A primeira versão do argumento é de 1978. Como ele surgiu?
Foi num desses delírios de juventude, da mistura de várias coisas. Sexo, drogas e rock’n’roll. A história, sobre um fantasma que toma conta de uma botija de ouro enterrada, é recorrente na mitologia brasileira. E me perturbou durante anos.

É um filme ligado ao plano mitológico?
Eu trabalho com o raso e o profundo, com signos que remetem à realidade do dia a dia. Há personagens muito fervorosos numa crença, completamente preocupadas e comprometidas com a profundidade do ser. E outros que não acreditam em nada, são rasos na dor e na vida filosófica. Quero falar sobre a avareza, sobre apego e desapego. Quero falar sobre a busca do tesouro interior, enterrado no passado.
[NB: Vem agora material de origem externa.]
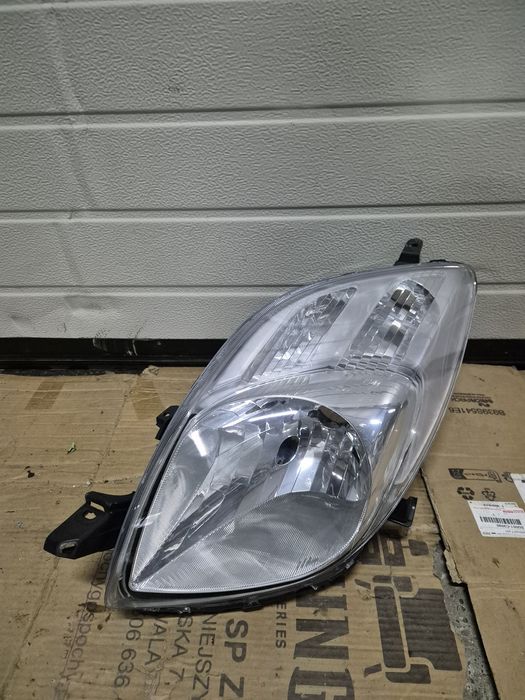 Far Stinga NOU Original Toyota Yaris P90.2006-2009.Volan stinga.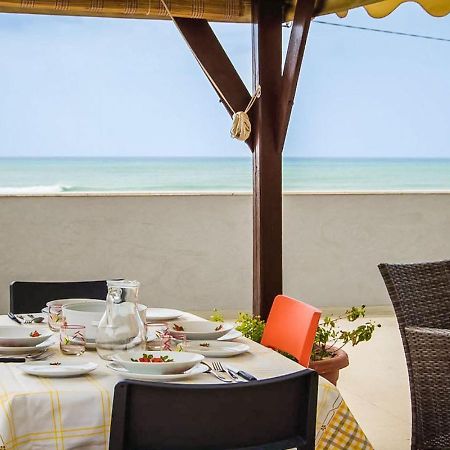 Arisa -Terrazza Privata 60 Mq Sulla Spiaggia Донналуката Экстерьер фото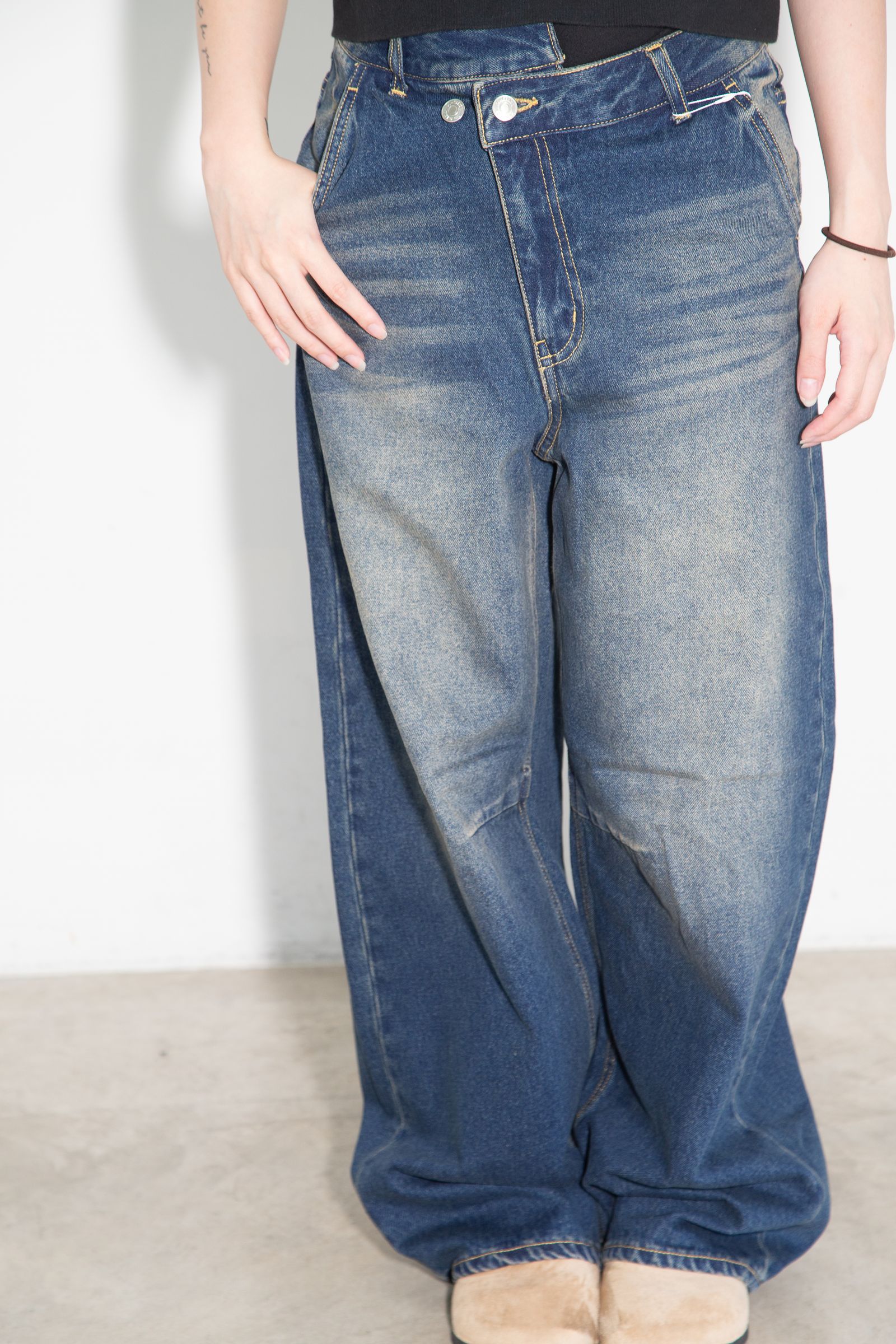 EMBLEM POCKET ASYMMETRIC WAIST DENIM PANTS / インディゴ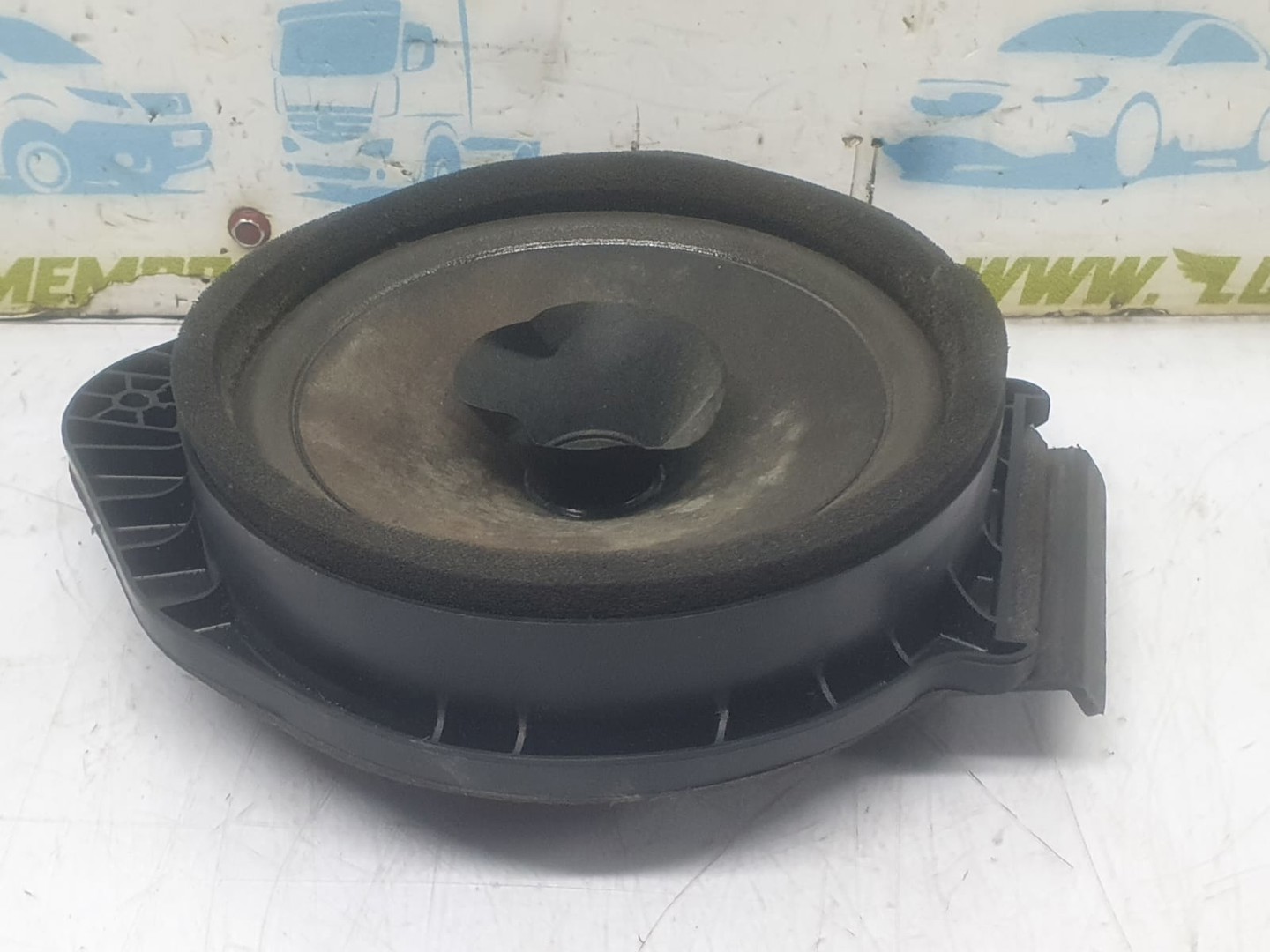 Boxa difuzor Opel Astra J (2009 - 2012)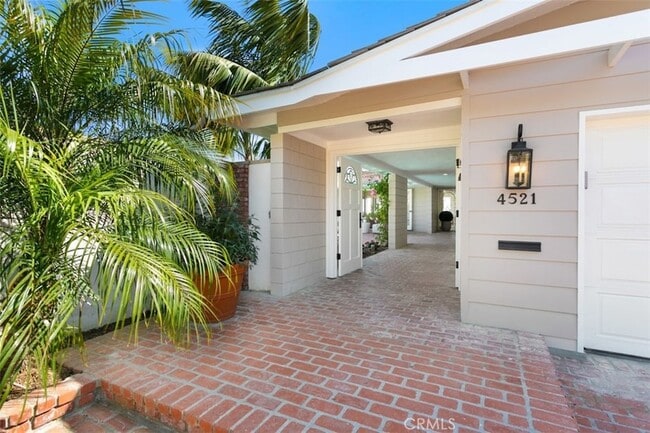 Foto del edificio - 4521 Orrington Rd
Que realidade vivem os moradores dessa cidade de pedra?
É uma realidade dura, que de certa forma é uma síntese do que é a sociedade. Há uma convivência difícil com os tipos mais comezinhos, prosaicos, que fazem todo tipo de fofoca. E a dor, que perpassa tudo. Há os homens que não conseguem dormir, porque estão infelizes e são trazidos à luz para conviver com o deboche, a chalaça, o descaso das pessoas ditas comuns. Elas deitam e rolam com a dor dos outros. O corno é o outro, o veado é o outro, a puta é a outra, o louco é o outro. É o mundo dos humanos que estão na ralé, com as cores do Brasil e da Bahia.

Um dos personagens foi raptado e torturado pela ditadura militar durante os jogos da Copa de 1970. Você chegou passou por algo parecido nessa época?
O máximo que eu sofri foi o ardor nos olhos pela fumaça de uma bomba de gás lacrimogêneo. Não tive confronto direto com a polícia porque não optei pelo enfrentamento. Optei pelo desbunde da arte, na descoberta das drogas. Tudo isso foi colocado no meu filme anterior, Eu me lembro, que conta minha participação naquele momento. Eu não tive coragem nem convicção suficiente para pegar em armas. Minha guerra era de outra natureza, travada dentro de mim mesmo.

Prestes a completar 60 anos, o que te impulsiona a realizar um filme?
Para mim,fazer cinema é algo mais do que profissão. Virou obsessão. Além de ser algo artístico, é algo quase religioso, uma necessidade visceral de sobrevivência. É por isso que fiz isso até agora. Enquanto se gastam mundos e fundos para fazer filmes de R$ 15 milhões, desprovidos de alma fértil ou de uma consequência maior para o país miserável que vivemos. Para repetir o que já existe na TV. O fato de ter muito escrúpulo me levou para uma senda onde sei que não há retorno. Esse filme me desobriga de ficar nessa loucura, nessa neurose. A partir de agora, talvez não faça um cinema tão sacrificado.

É um ciclo que está se encerrando?
Um ciclo de obrigação. É como no candomblé, onde tenho que arriar determinada oferenda a um orixá. A minha vida inteira, com 30 anos de cinema, tenho a clara consciência de que estou fazendo um grande ebó. É como se eu estivesse disparando vários ebós, cada filme era um. E esse ebó me desonera de continuar fazendo outros. Acabou a grande obrigação. Agora vou fazer cinema por dilentantismo.

Que obrigação era esta?
Uma obrigação da minha neurose, companheiro. Da minha alma, da minha religião, de uma carência, de uma agonia. Que não tem nome. Artur Bispo do Rosário, que tem uma grande obra e era esquizofrênico, falou : ‘vocês dizem que é arte, mas não é arte. É a minha salvação na terra’. É isso que vai me curando. Depois desse filme, posso respirar e fazer qualquer coisa. Fui anistiado do meu karma. Talvez continue fazendo cinema como nos tempos do Super 8, e fazer minhas besteiras imperfeitas com descompromisso. Ou, quem sabe, vá fazer um jardim. Será uma felicidade maior do que esse cinema atrelado a tantas preocupações, como ganhar o Oscar.